Ahh OK so, in the same rawdata are there always same elements? Then my code has that resiliency.
When you said "different datasheets", I thought there can be different elements per test in the same rawdata.


----------



## eagle923 (Wednesday at 8:21 AM)

A new question regarding the "Concentration Results" now.  So I tried to modify your code so it would produce the same table under "concs" sheet, but use the concentration results (which are in column E isntead of D where the intensities are).  It fills the table just fine except for the very last sample, it leaves off one result.

I assume this is because it's looking for a blank "" cell and stops early?

I changed the sheets to point to "concs" instead of "intens" and then line 19 I changed ".Cells(k, 4)" to ".Cells(k, 5)".
---Worksheets("conc").Cells(x, y).Formula = "=" & .Name & "!" & .Cells(k, 5).Address---

That now seems to make a concentration table, but when I run it, I end up with one missing value at the red square:


----------



## eagle923 (Wednesday at 8:23 AM)

Flashbond said:


> Ahh OK so, in the same rawdata are there always same elements? Then my code has that resiliency.
> When you said "different datasheets", I thought there can be different elements per test in the same rawdata.
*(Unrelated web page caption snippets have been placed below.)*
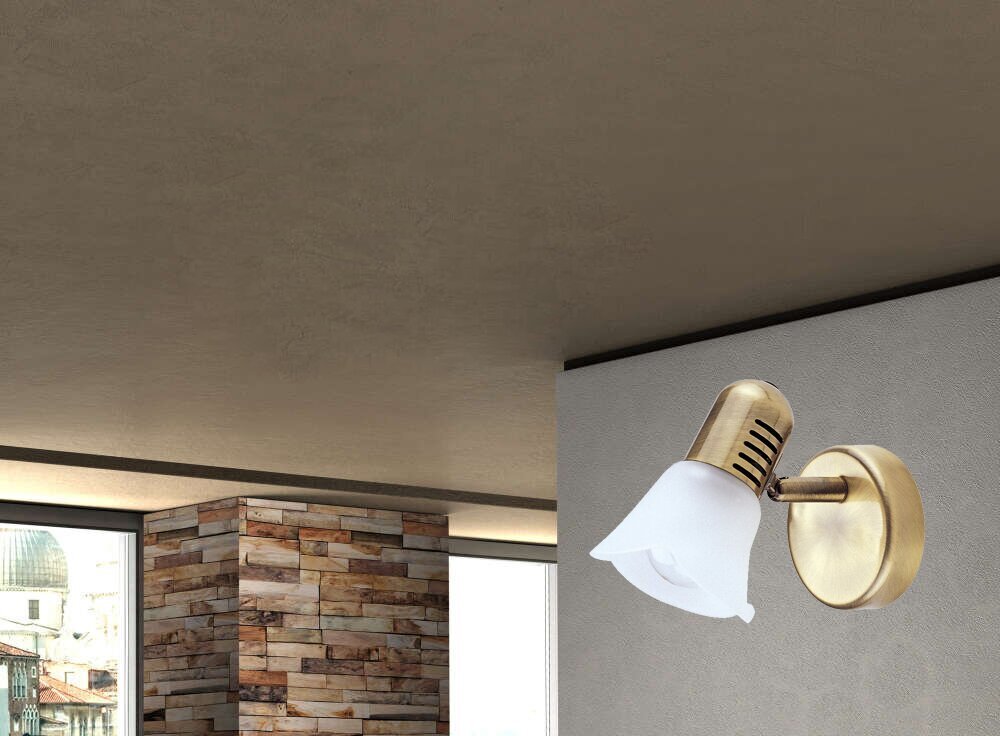 Sienas lampa G.LUX R5001C-1R cena un informācija | Sienas lampas | 220.lv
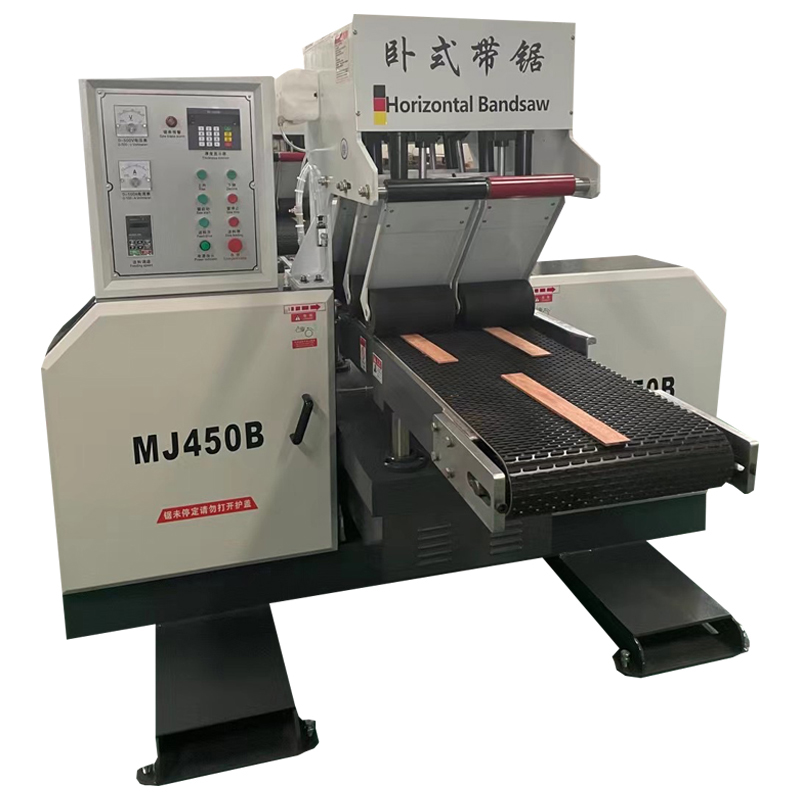 Ленточнопильный станок по дереву для распиловки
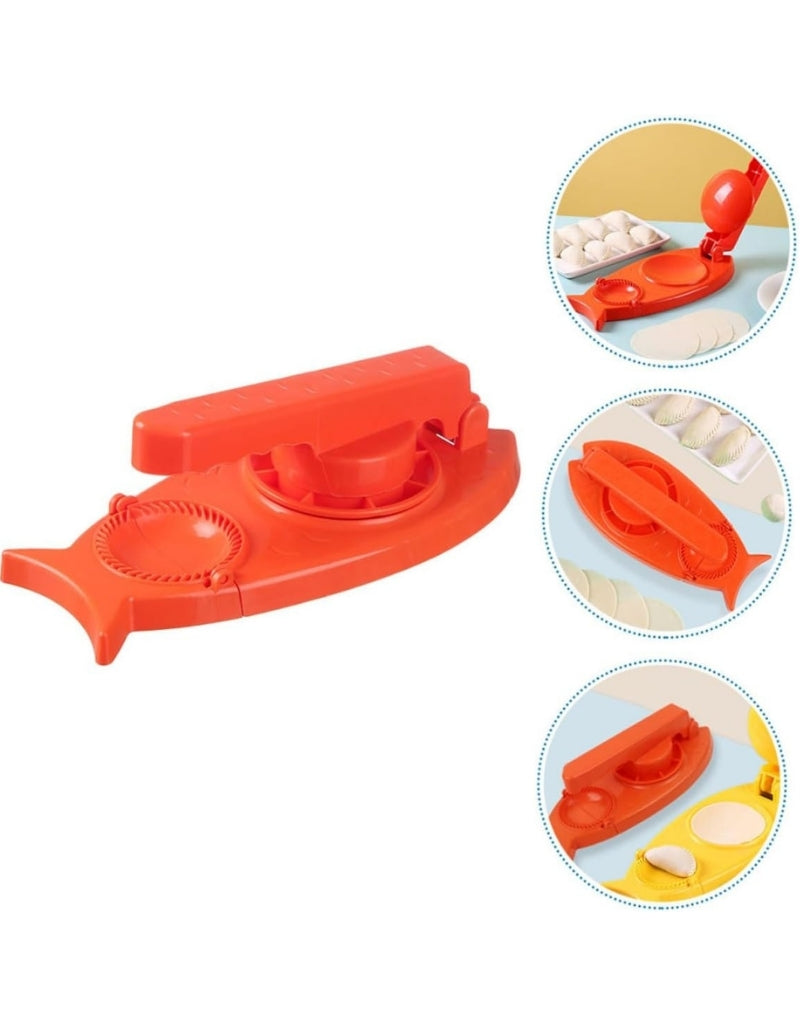 Kitchens Must Have Dumpling Maker Kit with Ergonomic Features and Durability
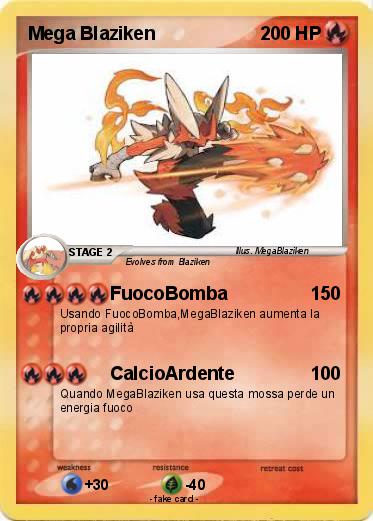 Pokemon Mega Blaziken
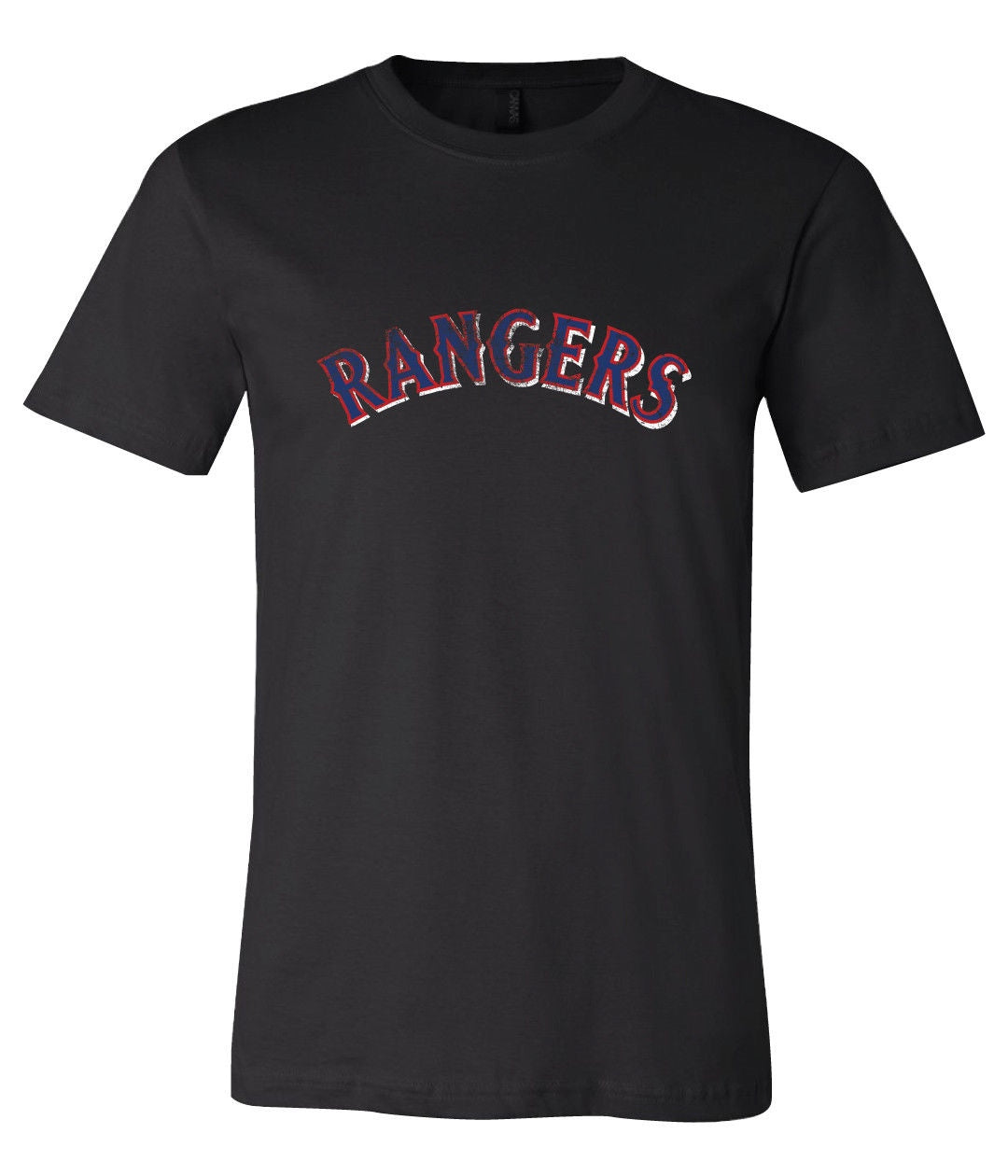 Vintage Texas Rangers Sweatshirt Baseball Est 1835 Fan Tee T Shirt T-Shirt  - TeebyHumans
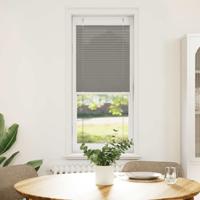VidaXL Plissé rolgordijn 40x100 cm stofbreedte 39,4 cm antraciet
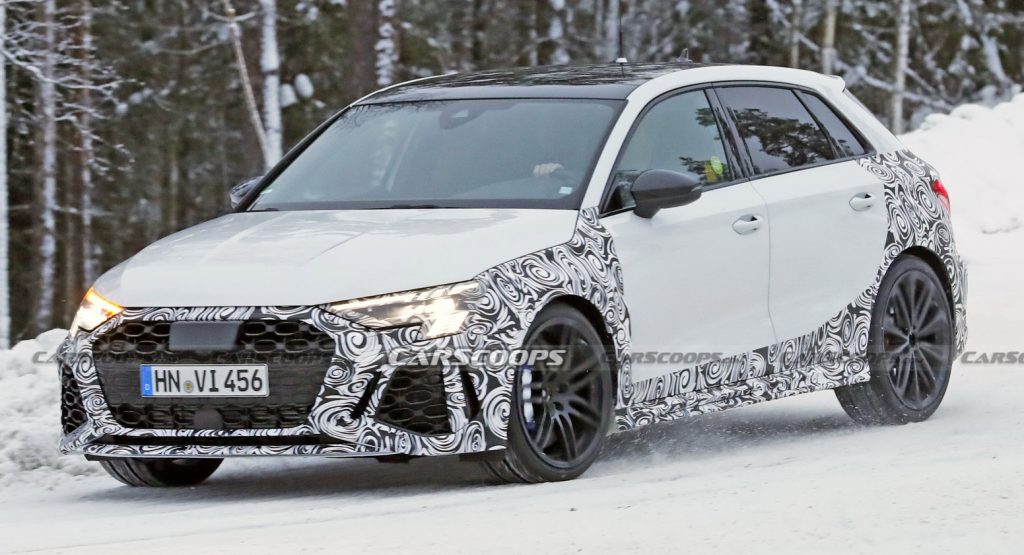  The 2021 Audi RS3 Sportback is One Hot Piece Of Hatch We Won’t Be Seeing In America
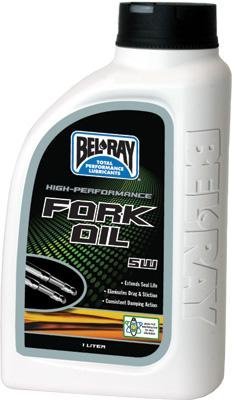 High Performance Fork Oil - 5W - 1L, Manufacturer: Bel-Ray, HIPER FRK OIL 5W 1L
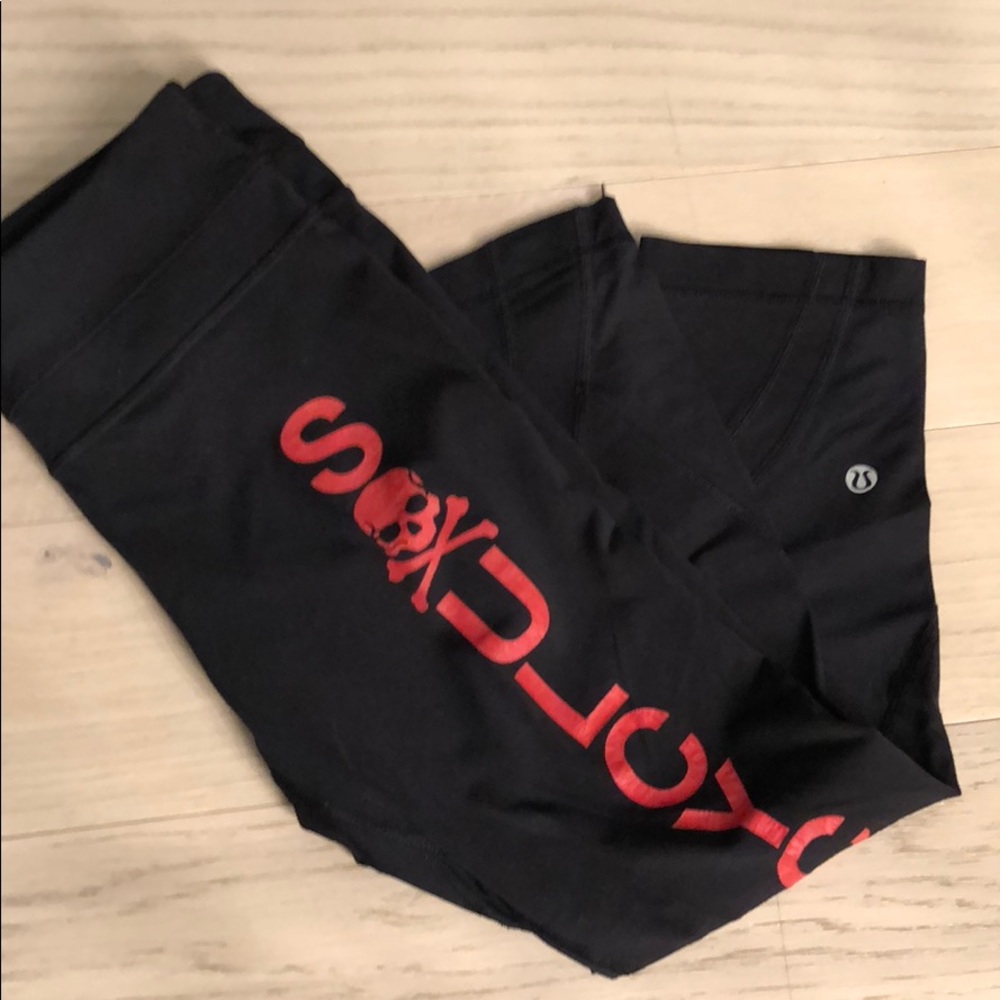 Lululemon x SoulCycle Capri Pants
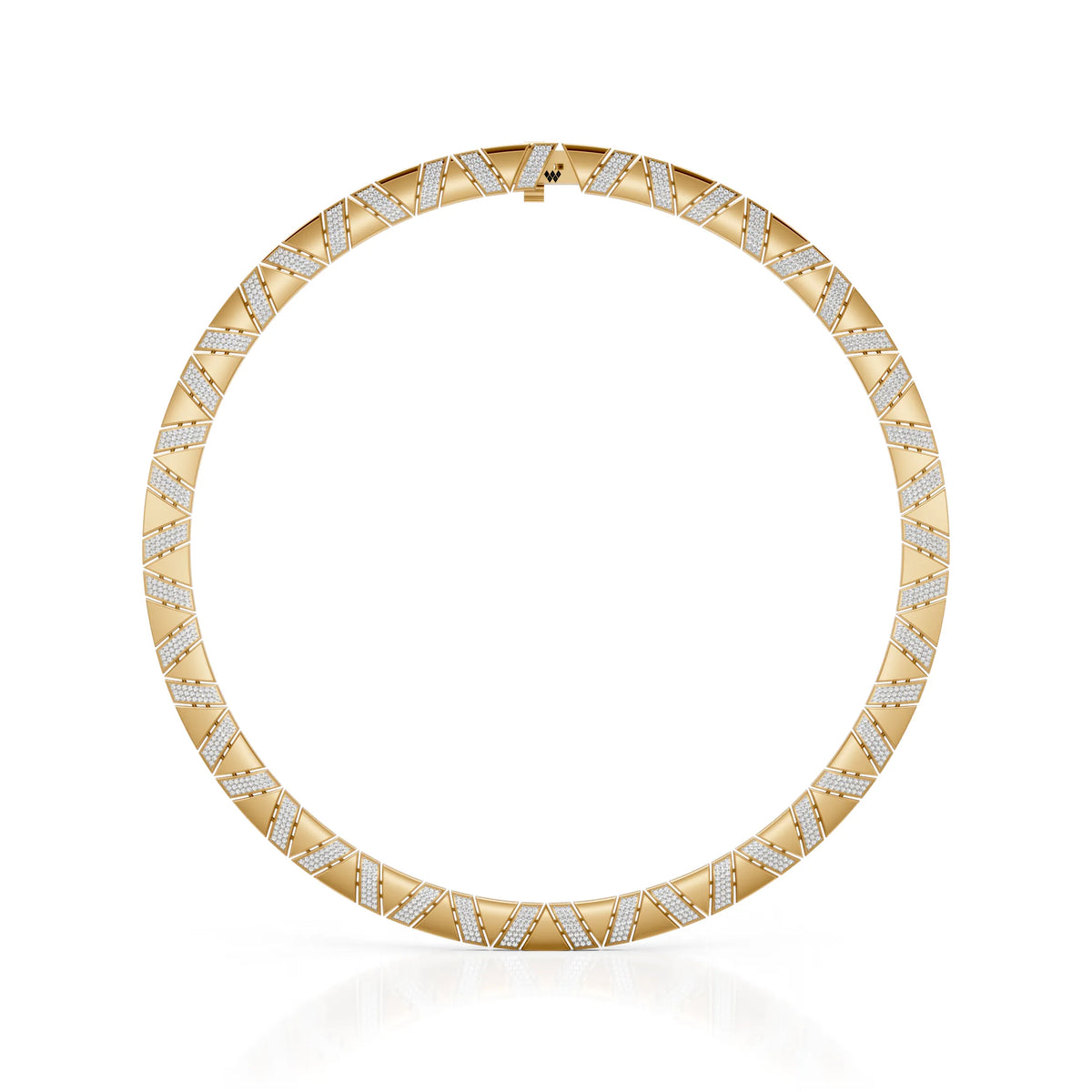 Geometric Diamond Chain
Yes, the same "rawdata" will have the same elements.  If I run a new dataset, I always import it as "rawdata" and then the elements can change, but they won't vary within a dataset.


----------



## eagle923 (Tuesday at 3:19 PM)

Hi,  I'm a complete novice programmer and looking for some help with moving data from one worksheet to another.  

I have a "rawdata" sheet that comes out of an analysis report.  The number of samples and elements in the report changes every time.  I need a way to find each "Sample ID" in the rawdata, move it to columns in another sheet and then tabulate the " Measured intensities" into columns under each sample ID.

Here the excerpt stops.